Instead of digging your heels, and telling her your speech will be much more beneficial to both the students and the company, you did the typical nerdy thing and avoided confrontation and just left
I would have started by asking what position she was looking for, and if she started all the way at the top like CEO, I’d whittle it down by starting with “don’t you think encouraging your entire class to aim only for the top, that you’ll be setting lots of them up for failure?” And if she didn’t relent, follow it up with “people who are on a CEO track need to know what life is like for those who build their products.” Or ask her whether she’s running a CS or MBA program for a cheeky jab.
You’ll never know if you don’t ask, and there are no stupid questions.
Its easy to come up with that after having thought it over for 30 seconds but on the spot, when what the person just told you comes as a shock, you're unlikely to muster up such a response.
Oh I have plenty of that too. But it's usually the case that saying _anything_ reasonable is enough of a foot in the door to a wider conversation. And it's a lot like creativity, or math, or music... the more you do it, the better you get at it.
It's like when you learn a new language, one of the first things you learn is how to say "I don't speak X well, please slow down" in that language. Same with debate: learn how to say "I'm trying to better understand" to prime the other person for a conversation.

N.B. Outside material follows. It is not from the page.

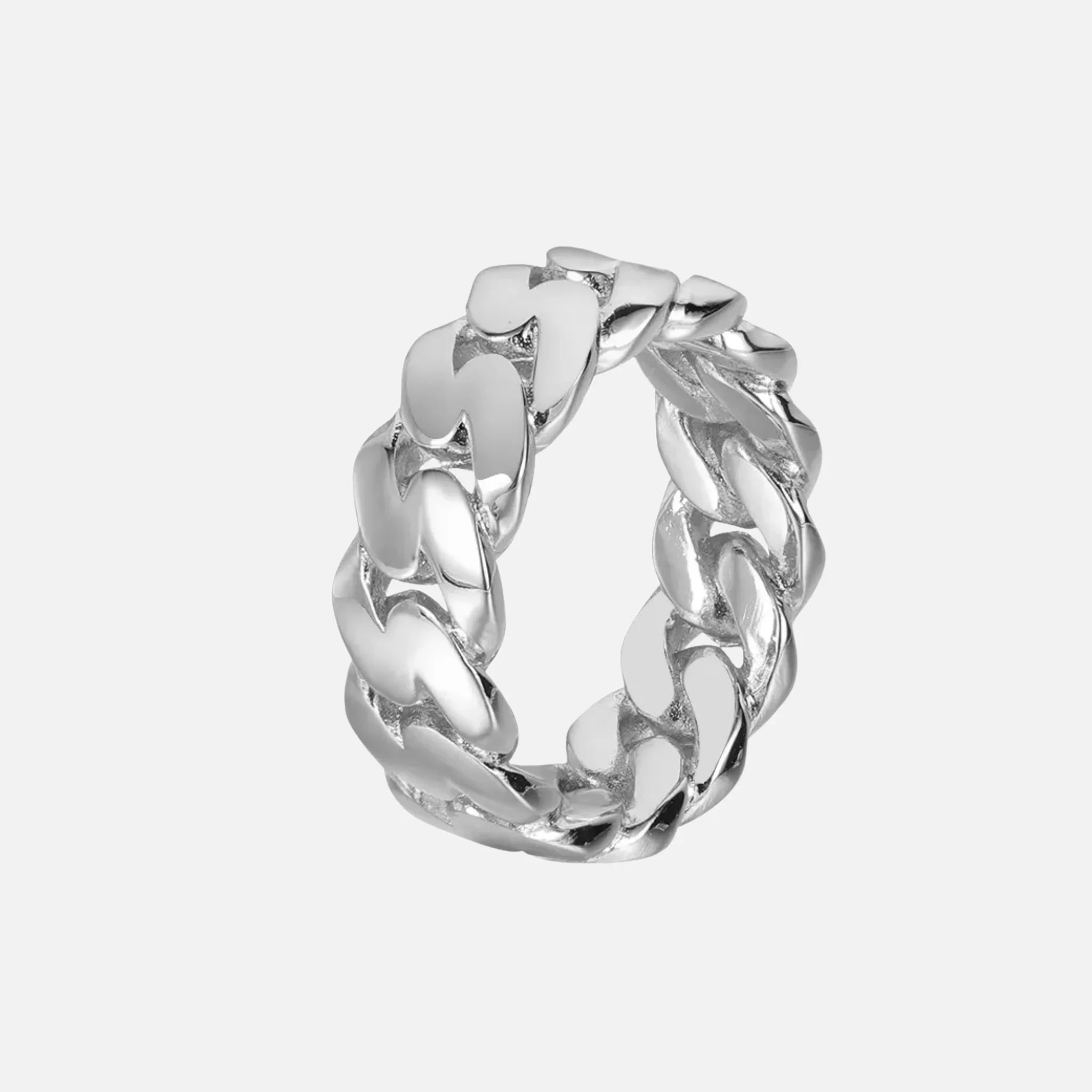 Cuban Ring — AURA SUPPLY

Sometimes they'll start talking for you–that's even a common negotiation tactic, to let the other person talk to basically give you a few points to think about questioning/rebutting, or look for contradictions.
That assumes plenty of time to think about what happened and formulate the best response. That's rarely possible in the roughly 1200 milliseconds available for a timely reply to a perceived insult.
I think I'd only be able to do that if I'd had the same conversation previously. Come to think of it, sounds like just about every tech interview I've ever had.